> **Your instructions**:
Copy out the listing that follows, exactly, without its pictures.

> **Dataset extract**:
☆ ☆ ☆ ☆ ☆
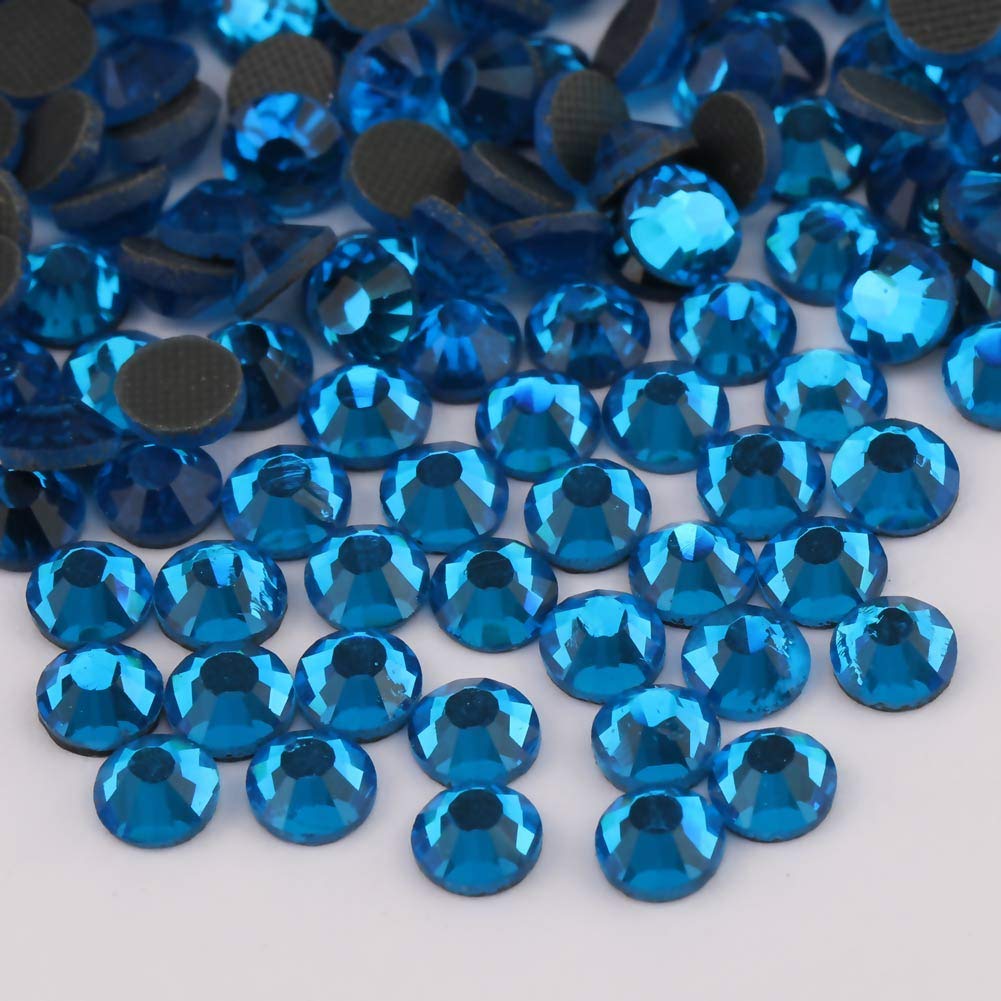 Crystal Hotfix Rhinestone,Machine Cut Stone 1440pcs/pkg (Capri Blue,SS10/3mm)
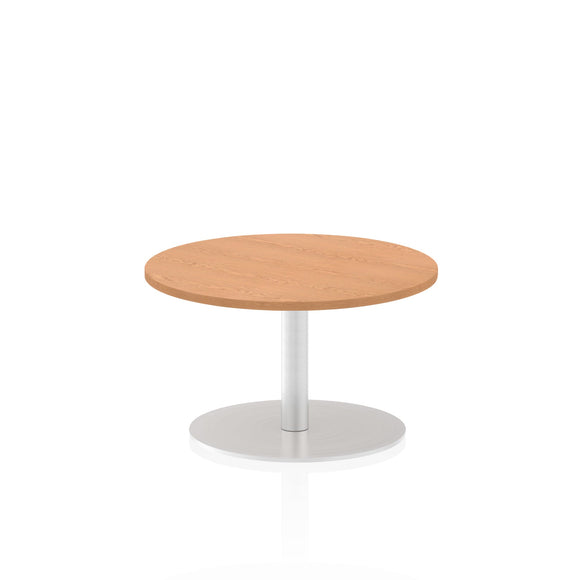 Italia 600mm Poseur Round Table Oak Top 475mm High Leg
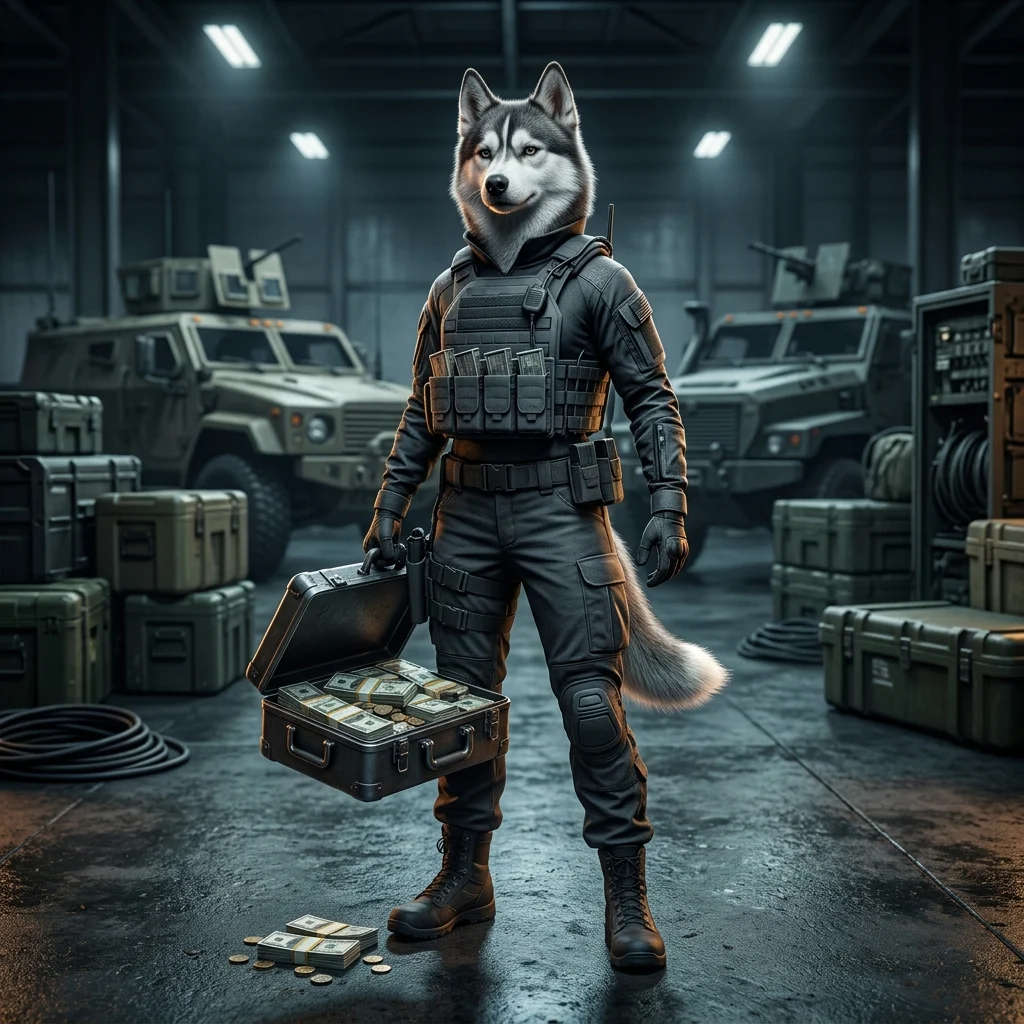 Werbegrafik für einen Cash-Farm-Boost in Wardogs, ohne lesbaren Text und ohne Schilder.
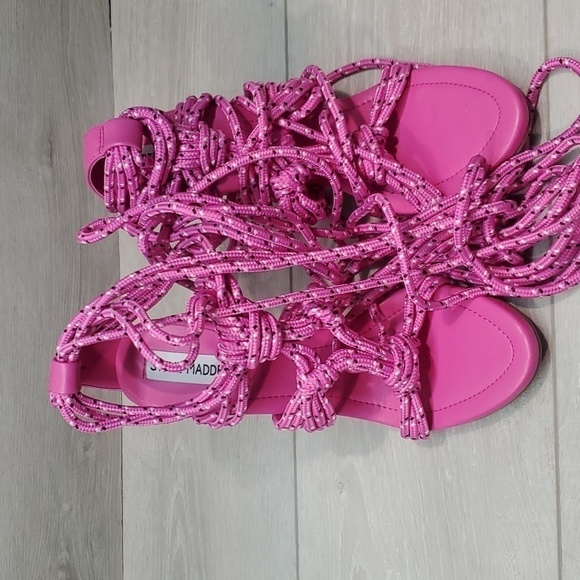NEW Steve Madden Women Fiore Lace Up Gladiator heels sandals shoes sz 8.5M - Picture 5 of 11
☆ ☆ ☆ ☆ ☆
> **Response area**:
 Crystal Hotfix Rhinestone,Machine Cut Stone 1440pcs/pkg (Capri Blue,SS10/3mm)
 Italia 600mm Poseur Round Table Oak Top 475mm High Leg
 Werbegrafik für einen Cash-Farm-Boost in Wardogs, ohne lesbaren Text und ohne Schilder.
NEW Steve Madden Women Fiore Lace Up Gladiator heels sandals shoes sz 8.5M - Picture 5 of 11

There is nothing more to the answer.